Sochi's "ring of steel" is a zone about 60 miles long and 25 miles deep, in which the local population and visitors will be subjected to near total surveillance. The measures, according to security expert Mark Galeotti, include a garrison of about 25,000 special police, 8,000 interior troops, unknown numbers of plainclothes agents, special forces such as the "Alpha" anti-terrorist squad of the FSB (the successor to the KGB), and up to 30,000 regular troops to patrol the nearby borders with Georgia and the breakaway Georgian republic of Abkhazia.
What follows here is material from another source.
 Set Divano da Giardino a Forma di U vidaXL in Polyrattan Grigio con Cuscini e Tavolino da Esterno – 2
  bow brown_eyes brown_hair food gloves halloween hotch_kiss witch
The skies will be full of Russian Air Force fighters and at least a dozen drones; ultra-modern S-400 and Pantsir-S anti-aircraft missiles capable of taking down any airborne threat will be deployed around the zone; and four of the Russian Navy's new Grachonok anti-saboteur patrol boats with teams of divers and special sonar equipment will range up and down the coast.

Putin's gamble

The stakes are high for Putin, who has invested Russia's prestige and $51 billion of mostly state cash in hosting the Winter Olympics.

"Putin's personal image is closely connected to the outcome of these Games. So I am absolutely sure that whatever can be done, will be done," says Gennady Gudkov, a former KGB security expert and ex-Duma deputy.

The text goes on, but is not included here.